- Born: Andrea Abreu López January 10, 1995 (age 31) Icod de los Vinos, Tenerife, Spain
- Education: University of La Laguna (Degree in Journalism), Universidad Rey Juan Carlos (Master's degree in Cultural Journalism)
- Occupations: Novelist; Journalist; Former retail clerk;
- Writing career
- Genres: Literary costumbrismo; LGBT literature; Coming-of-age;
- Notable work: Dogs of Summer (2020);

= Andrea Abreu =

Spanish writer (born 1995)

Andrea Abreu López (January 10, 1995, Icod de los Vinos, Tenerife, Spain) is a Spanish writer from the Canary Islands. She published the poetry collection Mujer sin párpados (literally Woman with no eyelids) in 2017, and the fanzine Primavera que sangra (Bleeding Spring) in 2020. Also in 2020, her debut novel Panza de burro was published by Sabina Urraca. The book was a massive hit and therefore optioned for translations in various languages, including English (the title being translated as Dogs of Summer).

In 2021, she was named by Granta magazine as one of the best young writers in the Spanish language.

== Career ==
Andrea Abreu was born in the town of Icod de los Vinos, belonging to Santa Cruz de Tenerife, on the island of Tenerife, Canary Islands. She has had a passion for writing since childhood; at the age of ten, she won the school poetry prize Emeterio Gutiérrez Albelo. Her interest in poetry led her to take a poetry course with Coriolano González at the Canary School of Literary Creation.
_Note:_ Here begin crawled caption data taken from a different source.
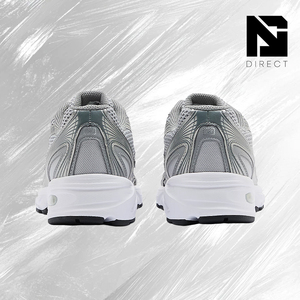 Zapatillas New Balance 740v2 'Silver Castlerock' Cómodas para Caminar, Casuales, para Todas las Temporadas, Diseño Sólido, para Correr - Product Image 4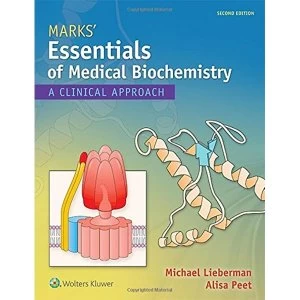 Image of Marks' Essentials of Medical Biochemistry: A Clinical Approach by Michael A. Lieberman (Paperback, 2014)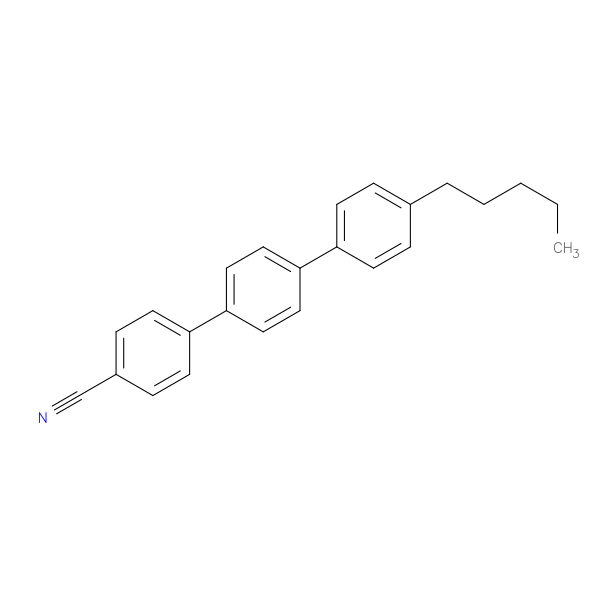 4''-Pentyl-[1,1':4',1''-terphenyl]-4-carbonitrile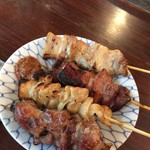 みそだれやきとり かんちゃん - 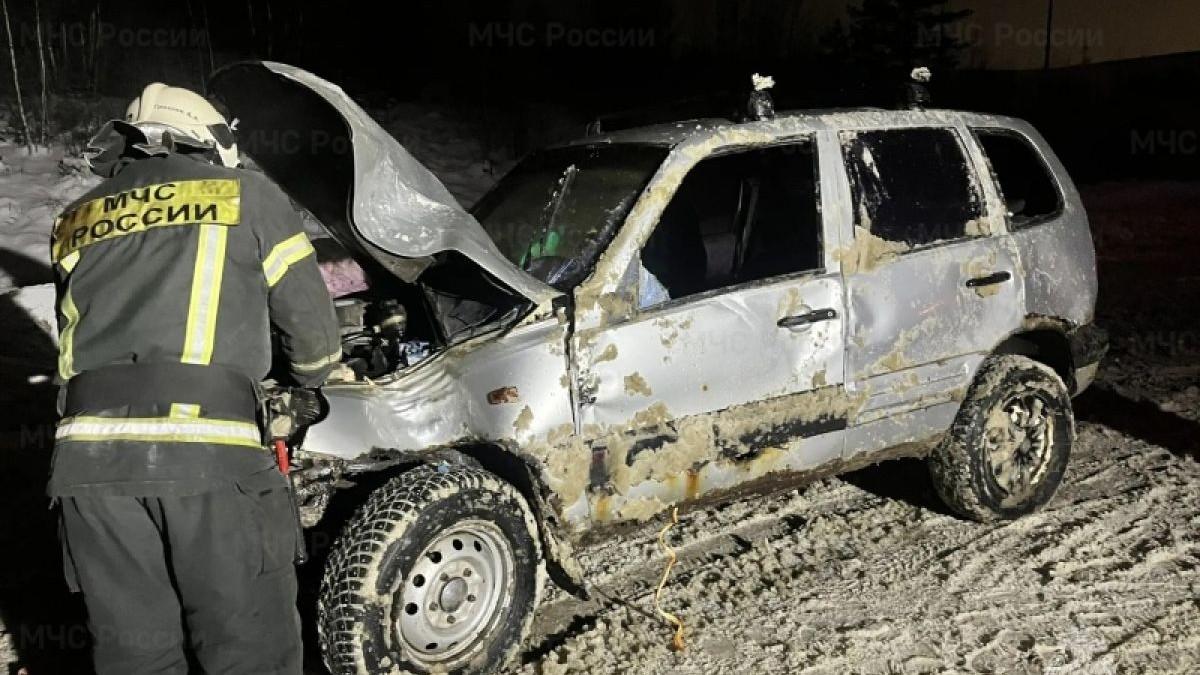 фото пресс-службы ГУ МЧС России по Орловской области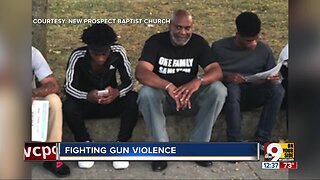 Pastor: Ending gun violence needs 'all hands on deck' approach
She studied Journalism at the University of La Laguna (ULL). In 2017, she moved to Madrid to pursue a master's degree in Cultural Journalism and New Trends at the Universidad Rey Juan Carlos.

As a journalist, she has contributed to various media outlets, including 20minutos.es, Tentaciones (El País), Oculta Lit, LOLA (BuzzFeed), Quimera, and Vice.

Abreu's texts have been published in various digital and print magazines, and her stories have appeared in some anthologies. She published a fanzine, Primavera que sangra, and a poetry book, Mujer sin párpados, before venturing into narrative with Panza de burro. Additionally, her poems have been published in several specialized magazines such as Círculo de Poesía, La tribu de Frida, or La Galla Ciencia.

Her debut novel, Panza de burro, (literally Donkey Belly, a Canarian localism for the dense clouds that typically form in the north of the islands) is written in a plain and straightforward language that, with Canary Islands vocabulary and phonetics, naturally describes the rural and real life on the island. It narrates the friendship between two girls as they transition from childhood to adolescence, with the presence and narrative influence of Teide, although it is not explicitly mentioned in the novel. Abreu uses this context to depict the "description of misery," that of Spain in the early 2000s. "It's something substantial in my life and in the book. It's like a kind of announcement of life's inevitability. When you live near one, you don't constantly think it's going to explode, but you do get the idea that it could. It's the constant presence of death, beautiful and terrible at the same time, which carries a lot of weight within the book. Something bad is about to happen," she says.

The novel Panza de burro was edited by writer Sabina Urraca, who also wrote the book's foreword. The book has been published in thirty countries and translated into English, Italian, German, and French. Furthermore, over 20,000 copies of the novel have been sold, it is in its seventeenth edition, and the rights have been sold for a film adaptation. In 2022, the English translation titled Dogs of Summer was published, translated by Julia Sanches.

Andrea Abreu has been selected by the British magazine Granta as one of the top 25 writers of her generation.

Andrea Abreu is a frequent participant in literary events, such as the poetry festival Cosmopoética in Cordoba, and she has been the co-director of the Young Poetry Festival in Alcalá de Henares.